**Work order:**
Your answer must be the lines from the one containing "Iiyama 27 pouces" through the last line of the records below, copied exactly, with the pictures left out.

**The data:**

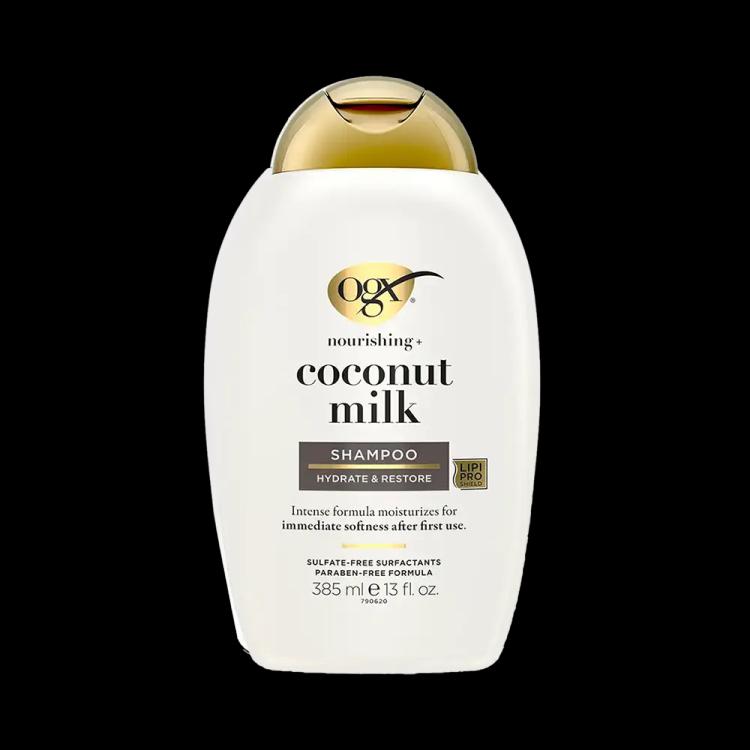 OGX Nourishing + Coconut Milk Shampoo - 385 ml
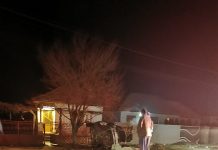 Un șofer băut a ajuns la spital, după ce s-a oprit cu mașina într-un cap de pod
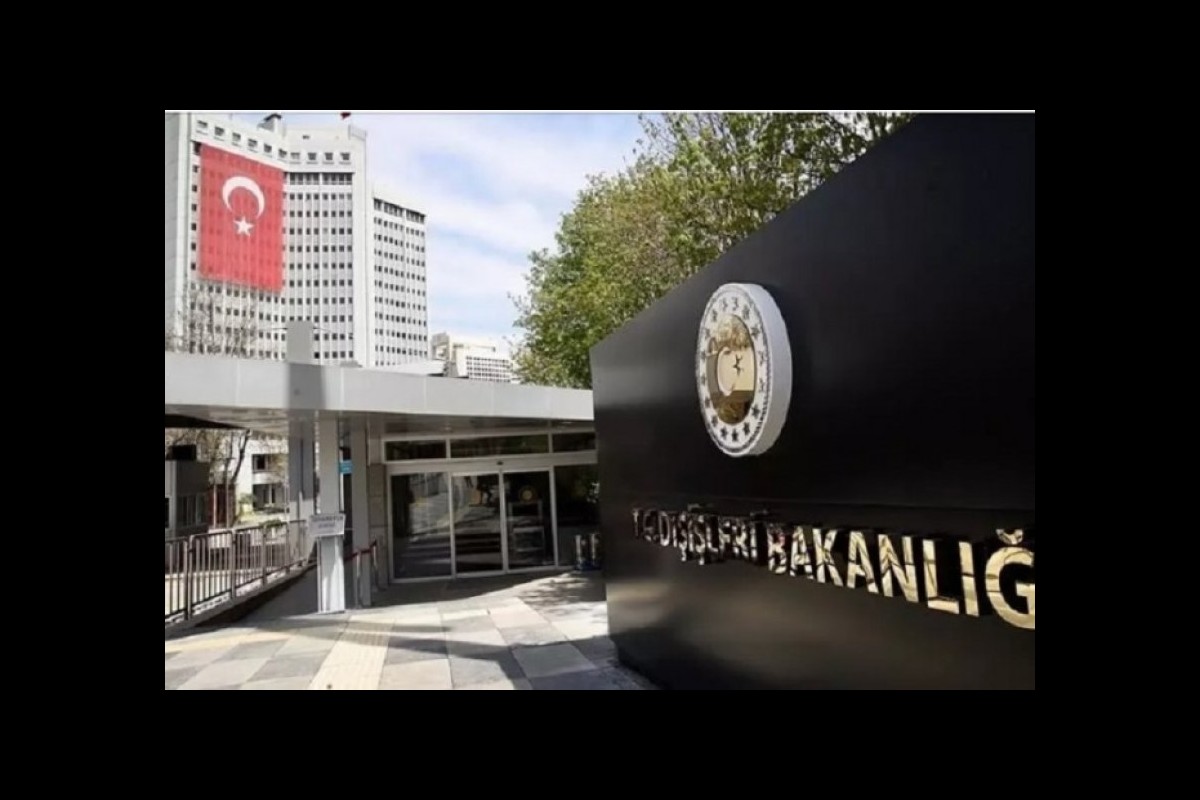 Turkish Ministry of Foreign Affairs: We call on the international community to take the necessary steps to stop Israel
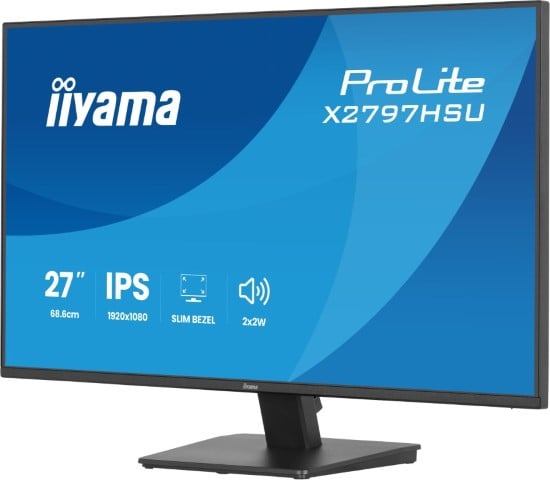 Iiyama 27 pouces  X2797HSU-B1 - Ecran PC Iiyama - Cybertek.fr - 2
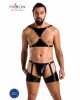 047 SET ARON black L/XL - Passion 047 SET ARON black L/XL - Passion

**Written response:**
 Iiyama 27 pouces  X2797HSU-B1 - Ecran PC Iiyama - Cybertek.fr - 2
 047 SET ARON black L/XL - Passion 047 SET ARON black L/XL - Passion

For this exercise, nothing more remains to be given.